Exercise prompt – In the entries below, begin at the line that has "Vibrant street with" and stop after the line that has "Golden roasted potatoes"; output those lines exactly, leaving out pictures.

Extracted information –
===============
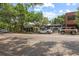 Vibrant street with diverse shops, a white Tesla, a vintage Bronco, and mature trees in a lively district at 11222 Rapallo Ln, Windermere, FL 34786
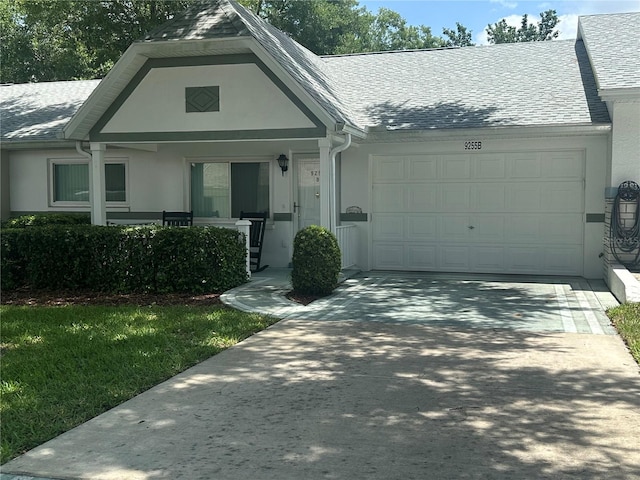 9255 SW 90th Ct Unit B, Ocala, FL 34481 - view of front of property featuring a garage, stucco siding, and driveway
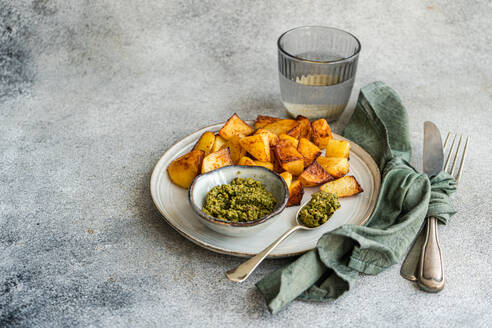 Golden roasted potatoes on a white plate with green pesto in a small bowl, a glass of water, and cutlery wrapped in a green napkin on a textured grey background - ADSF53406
===============
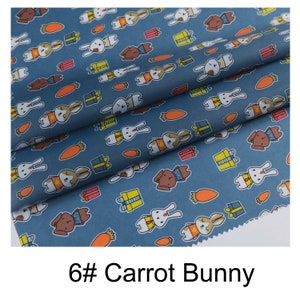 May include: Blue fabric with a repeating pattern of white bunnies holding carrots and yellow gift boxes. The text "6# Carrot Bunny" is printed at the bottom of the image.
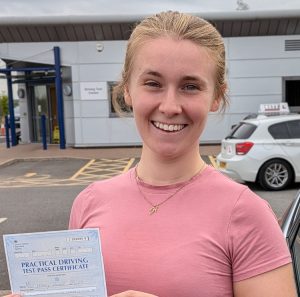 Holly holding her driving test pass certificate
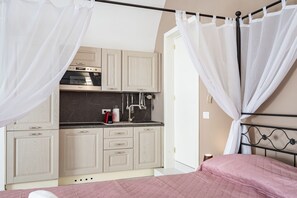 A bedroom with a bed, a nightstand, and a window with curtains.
===============
Completed task –
 Vibrant street with diverse shops, a white Tesla, a vintage Bronco, and mature trees in a lively district at 11222 Rapallo Ln, Windermere, FL 34786
 9255 SW 90th Ct Unit B, Ocala, FL 34481 - view of front of property featuring a garage, stucco siding, and driveway
 Golden roasted potatoes on a white plate with green pesto in a small bowl, a glass of water, and cutlery wrapped in a green napkin on a textured grey background - ADSF53406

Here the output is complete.